Dennoch gab es weiter Straßenbahnverkehr in der Stadt, denn ein Teil der Innenstadtstrecke (bis zum Markt) wurde zusätzlich von der Linie 25 der Frankfurter Lokalbahn AG (FLAG) bedient. Diese Verbindung gehörte 1971 zu den ersten Frankfurter Stadtbahnlinien. Die „U2“ verkehrt allerdings nur noch bis zum Stadtrand von Bad Homburg. Derzeit gibt es jedoch Pläne, wieder bis zum Bahnhof der Kurstadt vorzudringen.
Unser Bild zeigt einen Dreiwagenzug der Lokalbahn vor dem Kurhaus, wie es bis zum Zweiten Weltkrieg aussah. Mittlerweile steht hier schon die übernächste Gebäudegeneration von 1984. Hinter dem Kurhaus beginnt der Kurpark, in dem man nach einem kurzen Spaziergang die Spielbank erreicht, die immer noch von Gästen aus aller Welt besucht wird.
Der Triebwagen stammt aus dem Eröffnungsjahr 1910 und entspricht der FLAG-Serie 1 – 18, ihm folgen nahezu baugleiche Beiwagen (FLAG-Serie 51 – 72). Bemerkenswert ist die eigenartige Konstruktion des Stromabnehmers, der auf einer Art dreieckigem Untergestell eine parallelgrammförmige Konstruktion für die beiden Schleifstücke trägt. An diesem „Berliner Dreiecksbügel“ erkennt man allerdings die acht weitgehend baugleichen städtischen Triebwagen der Reihe „V“, denn die FLAG-Triebwagen waren mit zwei Lyrabügeln bestückt. Die städtischen Fahrzeuge der Reihen „V/v“ verkehrten im Gemeinschaftsverkehr auf der Linie 25 und waren auch speziell dafür ausgerüstet.
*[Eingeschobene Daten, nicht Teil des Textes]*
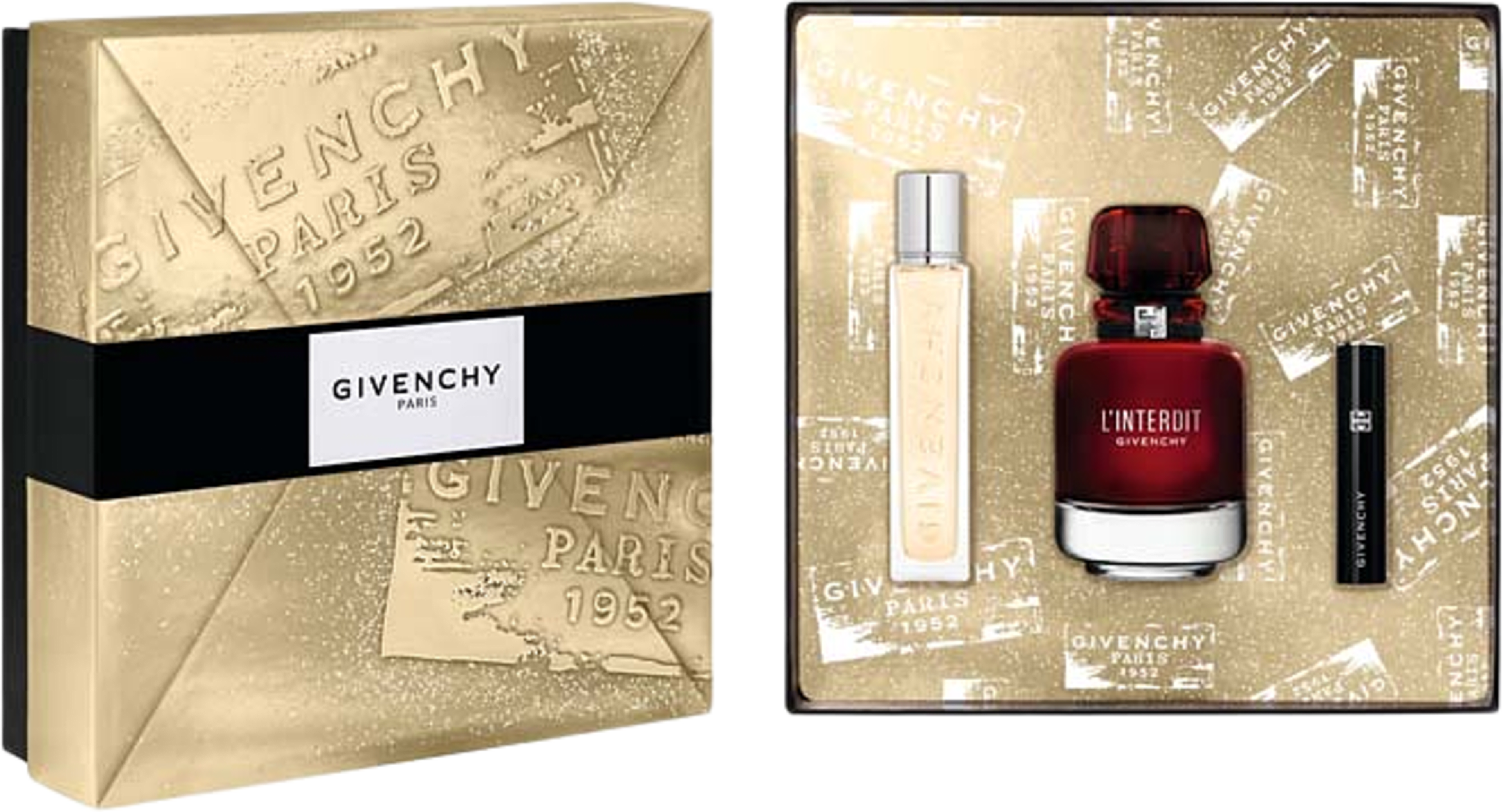 L'Interdit rouge Edp 50ml + mini mascara + travelspray 12,5ml, från Givenchy. Klicka för att öppna bilden i stort format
Nach der Anfangsphase wurde der Wagenpark bis zur Übernahme der FLAG durch die Frankfurter Straßenbahn im Jahre 1955 übrigens nur ein einziges Mal ergänzt: 1923 lieferte die Waggonfabrik Uerdingen einen vierachsigen Beiwagen mit niedrigem Mitteleinstieg, der sich aber nicht bewährte. Er ist heute im Museum Schwanheim zu besichtigen.
Das Zielschild des Motorwagens weist auch auf die Saalburg hin, wohin die FLAG-Züge aber nicht durchgefahren sind. Vielmehr gab es an der Endstation Marktplatz einen engen Übergang zur „Saalburgbahn“. Falls unsere Aufnahme nach 1935 entstanden sein sollte, stellt vielleicht der Bus der Linie 1 (rechts) den Anschluss her.
Die nördlichen Linien der FLAG waren abschnittsweise als Kleinbahn konzessioniert, deshalb tragen die Fahrzeuge Doppelscheinwerfer und Zugschlussscheiben. Die Doppelscheinwerfer fanden wir später sogar noch an einigen modernen Düwag-Gelenkwagen, die bis 18. Dezember 1971 die Kurstadt erreichten.